The targeted advertising strategy that Barack Obama used as he won the 2012 U.S. presidential election is being shopped to sports teams, leagues and sponsors this year.

Rentrak, the audience research company that worked on the Obama campaign’s targeted media strategy, has formed a sports division that it’s launching publicly this week to compete with Nielsen for a share of the growing sports measurement business — from television ratings to in-arena attendance.

More than $20 billion was spent on sports sponsorships and $10 billion on sports media rights last year, according to Rentrak executives. They suggest that the sports marketing research market is worth around $60 million a year, and they want a piece of it.

“The audience that is watching live sports is incredibly valuable,” said Bill Livek, Rentrak’s vice chairman and CEO. “Ads placed in stadium or on TV have enormous value, but only when accurately measured.”

Rentrak has six people working in its sports division in Manhattan. Former Nielsen Sports employee Tom Sommer runs the division and reports to Gary Warech, Rentrak’s senior vice president of advertiser, sports and branded entertainment sales.

The firm’s sports division quietly has been operating since February and has several sports-focused clients, such as NFL Network, NHL Network and the Canadian Basketball League. Rentrak has done work for companies such as Repucom, WWE and IMG as well.

Rentrak has built a business around the collection of reams of data on what people are watching on television, gleaned from set-top boxes that are in about 15 million homes. The firm has deals with DirecTV, Dish Network, Charter, Cox and AT&T U-verse to mine that data. It says it is the only company that can capture such deep and detailed data.

It now plans to extend that business to sports teams and leagues by providing data about the fans going to games — what they are seeing in stadium, what kinds of cars they are likely to drive and what they watch on television.

Rentrak has the capability, for example, to match specific car owners against TV ratings information in a specific market. Rentrak says privacy issues do not come into play because it does not use specific names or addresses. But company executives can learn how many Jeep owners live in a given town, and they can determine what TV shows those people are watching.

Sports networks have been slow to adapt to Rentrak to date because of inconsistencies with its set-top measuring system that adversely affect live sports events. For example, Rentrak is not able to measure games that run beyond their scheduled time slot, so highly rated overtime periods do not get measured.

Some network executives also question whether Rentrak’s TV measuring service continues to measure programming when a television is off but a set-top box remains on. Rentrak said it has started to roll out a system that does not measure programming in that situation.

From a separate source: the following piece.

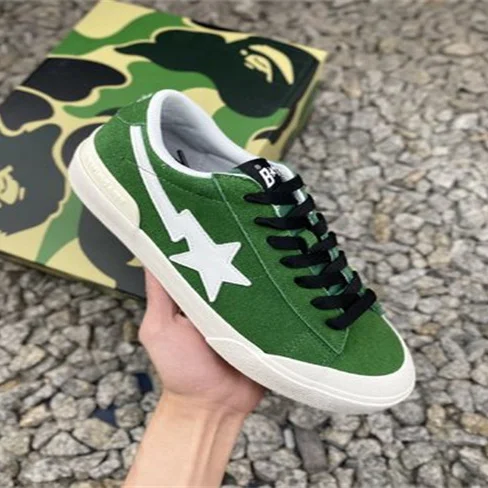 

2023 New A BATHING APE MAD STA Ape Man head BAPE trend Sports board shoes Unisex campus outdoor hiking shoes Gift Large size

Rentrak launched a political division in 2011 that the Obama campaign used to more specifically target TV advertising for swing voters. For example, in one swing state, Rentrak data persuaded the Obama campaign to buy advertising on 1 a.m. repeats of “The Insider” and afternoon episodes of “Judge Joe Brown,” according to a 2013 New York Times story, because it found that those shows rated highly among “persuadable voters.”

In the current election cycle, most of the presidential candidates are using Rentrak data, its executives said, though it would not say which ones.

“Sports is the next evolution for Rentrak,” Warech said.